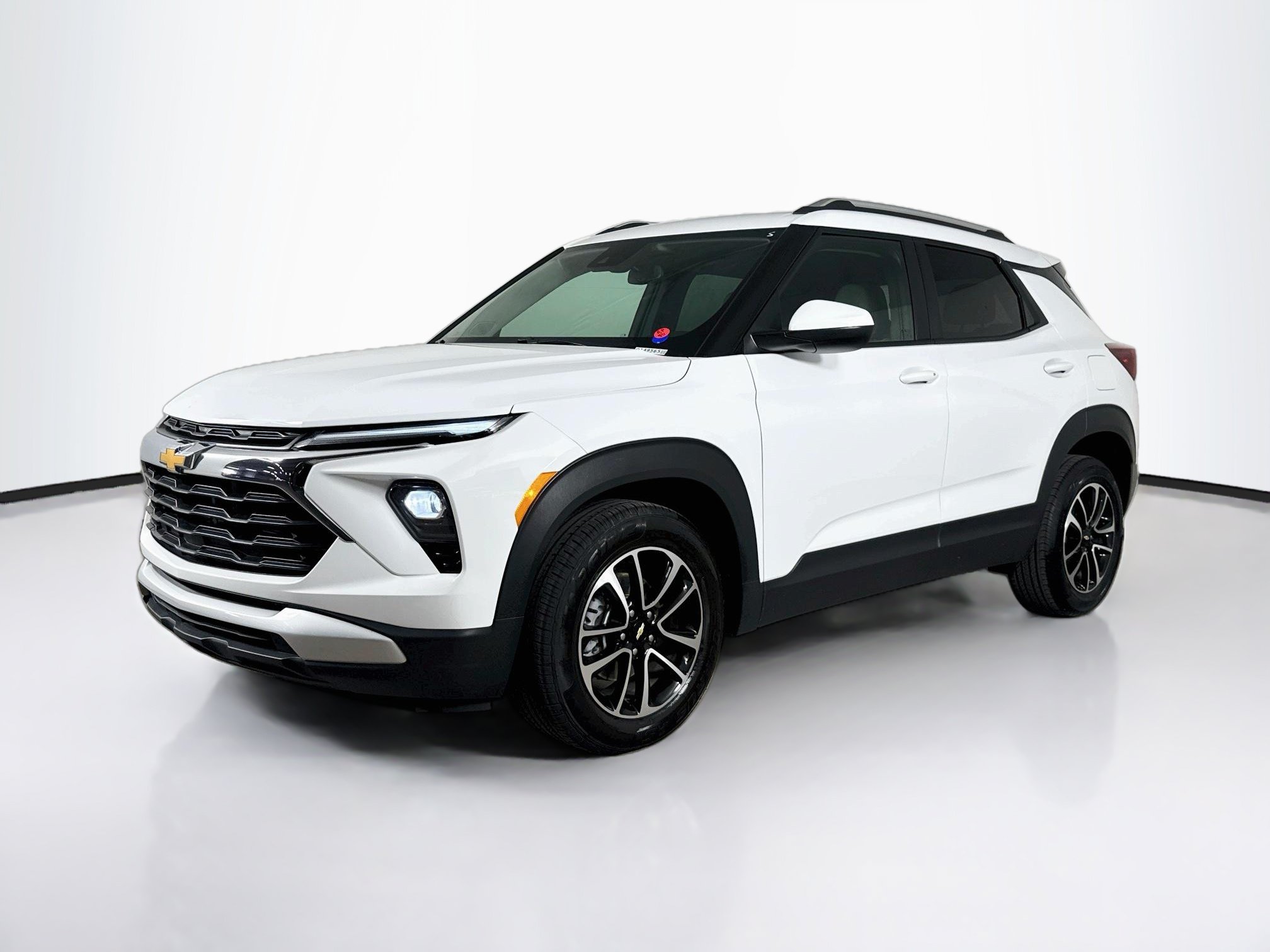 Used 2025 Chevrolet TrailBlazer LT FWD image 4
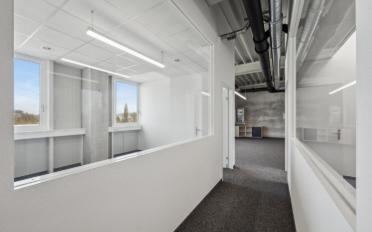 Office - image - 5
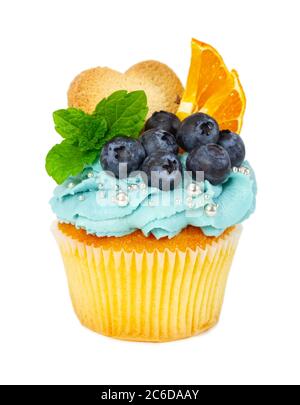 Cupcake mit Keksen, frischen Heidelbeeren, Minze und Orangenscheiben isoliert auf weißem Hintergrund. Stockfoto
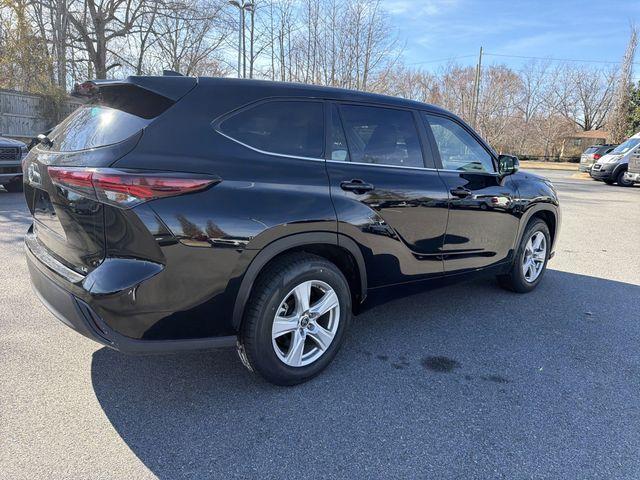 used 2024 Toyota Highlander car, priced at $31,295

▸ About this task:
Write out all the data exactly, minus pictures.

▸ Answer box:
 Used 2025 Chevrolet TrailBlazer LT FWD image 4
 Office - image - 5
 Cupcake mit Keksen, frischen Heidelbeeren, Minze und Orangenscheiben isoliert auf weißem Hintergrund. Stockfoto
 used 2024 Toyota Highlander car, priced at $31,295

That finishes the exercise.